The three-year funding envelope will not pay for lawyers to advocate on behalf of individual clients, but will be used to expand Pro Bono Ontario's hotline, trilingual website and outreach program to a national audience. 

"What this funding does is it empowers Pro Bono Ontario to work with other pro bono organizations across the country and provide front-line legal assistance for initial inquiries," Justice Minister Arif Virani said in Toronto Tuesday.

"It doesn't work as a de facto legal aid system … It provides what we call summary advice, initial inquiries, those kinds of matters to be clarified."

Pro Bono Ontario, a group that provides free legal advice for low-income people in Ontario, already has a webpage and hotline for Ukrainians to call with questions.

The new funding will support the website and hotline so they can help displaced Ukrainians across Canada get the assistance they need.

Virani said the $475,788 will also help connect Ukrainians looking to come to Canada, or those already here, with free basic legal advice.

Under the Canada-Ukraine authorization for emergency travel (CUAET), launched in March 2022, Ukrainians are permitted to come to Canada to live and work for up to three years. Those in the program benefit from a variety of measures meant to speed up the visa process, including prioritized processing and waived fees.

From March 17, 2022 to Jan. 27, 2024, 221,231 Ukrainians came to Canada under the CUAET program. The federal government said that during the same timeframe, it received 1,189,320 applications for the program, 958,190 of which were approved.

Olha Senyshyn, a staff lawyer at Pro Bono Ontario who specializes in providing legal support to Ukrainians, said the program will help people understand their options.

"We are seeing an increase in questions about people's status in general," Senyshyn said. "Some of it is about permanent residency status, some of it is about understanding how much longer they're going to be able to remain in Canada."

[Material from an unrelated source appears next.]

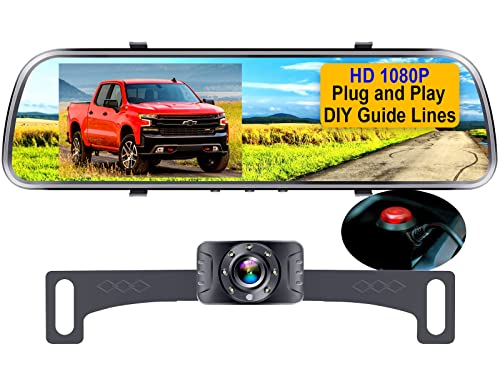 HD 1080P Backup Camera Mirror - Easy Set up Rear View Mirror with License Plate Camera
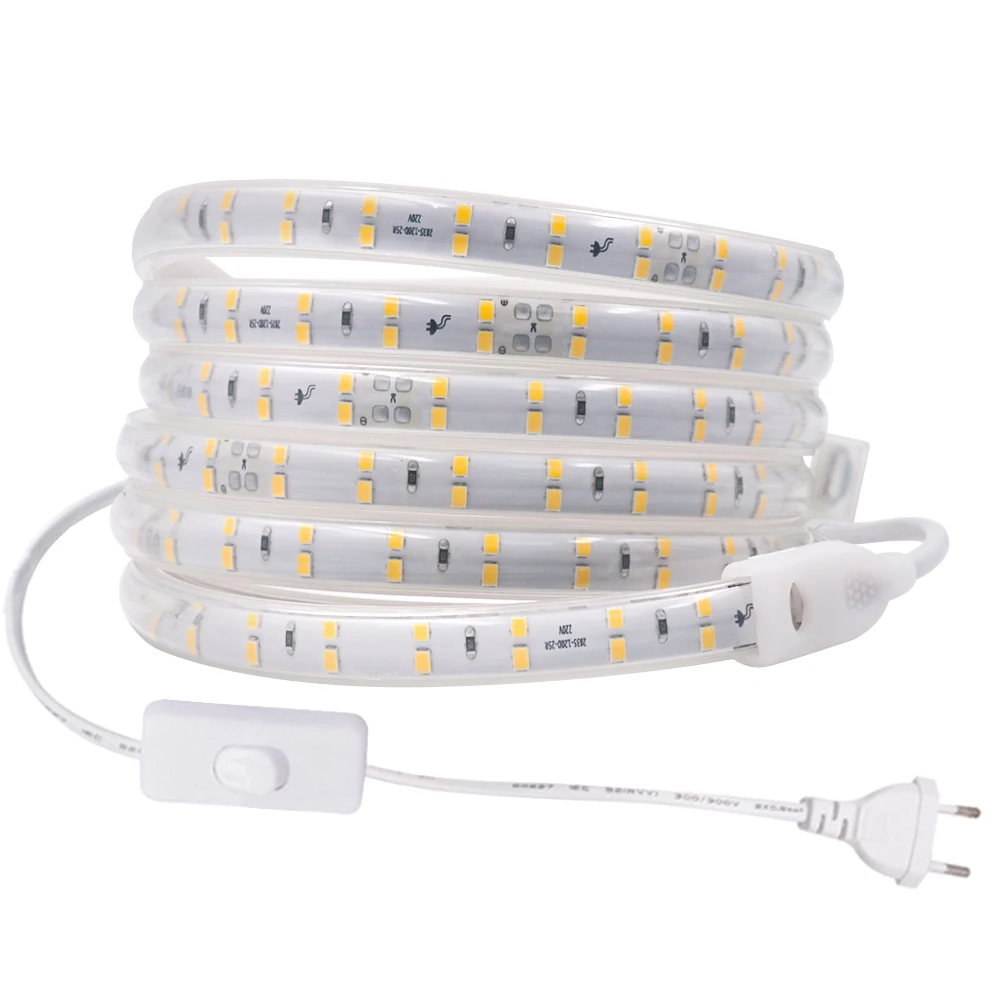 

220V 2835 LED Strip Double Row 120LED/m 20cm Cut Flexible Light Tape With Switch EU Power Plug Led Ribbon Waterproof Decoration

Senyshyn said people have been reaching out to Pro Bono Ontario for advice on how to extend a work or study permit, acquire housing, get children enrolled in schools and access the health-care system.

People who have questions Pro Bono Ontario can't answer through its website or over the phone will be referred to partner organizations in their area which can connect them with local lawyers or community groups.